Forum Moderators: phranque
I had looked back and someone previously discussed a "%20" problem.
I have tried
RewriteEngine on
RewriteCond %{HTTP_HOST} .
RewriteCond %{HTTP_HOST}!^www\.example\.com
RewriteRule (.*) http://www.example.com/$1 [R=301,L]
-and-
RewriteEngine on
RewriteCond %{HTTP_HOST} ^\%09www\.example\.com
RewriteRule (.*) http://www.example.com/$1 [R=301,L]
No success
What do you mean?
How did you test?
What was the result?
How does that differ from your expectations?
Those basic questions/answers will help us help you.
The next thing to determine is whether a click on that malformed link will even reach your site. If so, then a solution can be found. If not, then you can try setting up wild-card DNS, and hope that "%09www" will be treated as a valid subdomain and passed to your server.
FYI, %09 is a Tab character, so it's likely the URL was found in or copied from a non-html document.
Jim
216.113.181.67 - - [25/Mar/2006:10:59:54 +0000] "GET ¦¦¦¦¦¦¦¦¦¦¦¦¦¦¦¦¦/mfc/pb.html#MR2800 HTTP/1.0" 200 47473 "-" "Mozilla/4.0 (compatible; MSIE 6.0; Windows NT 5.0; Q312461; .NET CLR 1.1.4322)" In:- Out:-:-pct.(to prevent this board compressing them, I have replaced multiple spaces--tabs?--with a `¦')
216.113.181.67 - - [12/Mar/2006:10:49:07 +0000] "GET ¦¦¦¦¦¦¦¦¦¦¦¦¦¦¦¦¦/mfc/pb.html#MR2800 HTTP/1.0" 200 47473 "-" "Mozilla/4.0 (compatible; MSIE 6.0; Windows NT 5.0; Q312461; .NET CLR 1.1.4322)" In:- Out:-:-pct.

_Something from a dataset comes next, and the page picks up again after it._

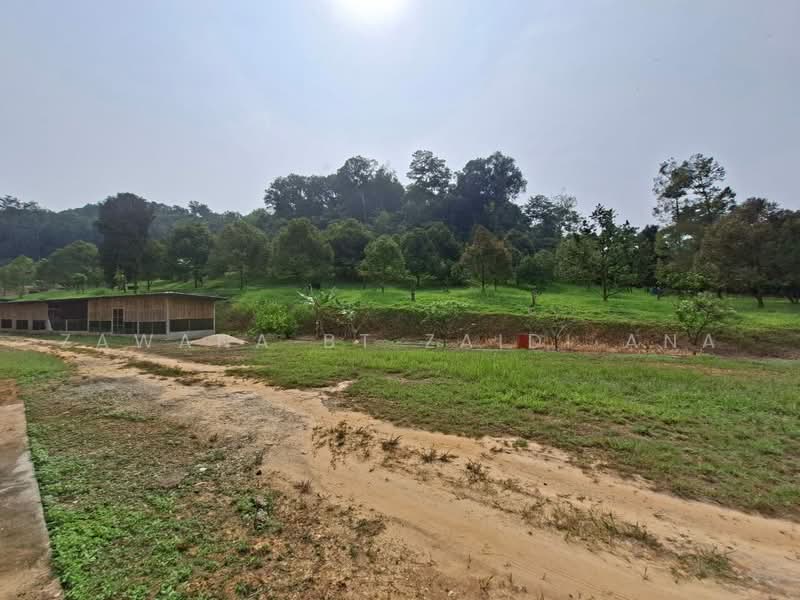 Agricultural Land for Sale in Batang Kali (Selangor) - Zawana BT Zaidi Ana - Exterior - PropertyGuru.com.my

216.113.181.67 - - [14/Mar/2006:18:16:50 +0000] "GET ¦¦¦¦¦¦¦¦¦¦¦¦¦¦¦¦¦/mfc/pb.html#MR2800 HTTP/1.0" 200 47473 "-" "Mozilla/4.0 (compatible; MSIE 6.0; Windows NT 5.0; Q312461; .NET CLR 1.1.4322)" In:- Out:-:-pct.

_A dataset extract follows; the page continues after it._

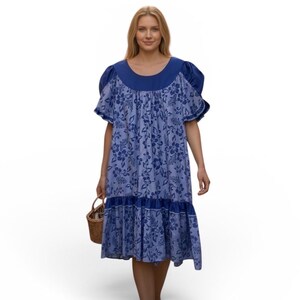 Good Times Muumuu - Etsy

httpd.conf for the relevant VirtualHost contains:
#
# redirect all non-``www.my-site.co.uk' requests
#
RewriteCond %{HTTP_HOST} .
RewriteCond %{HTTP_HOST}!^www\.my-site\.co\.uk
RewriteRule ^/(.*) http://www.my-site.co.uk/$1 [L,R=permanent] I would have expected the above to redirect requests preceded by a space/tab/white-space, but clearly not.
What is missing here?
Try to do env variable dump and see what it displays. Does it display the malformed URL or the clean version?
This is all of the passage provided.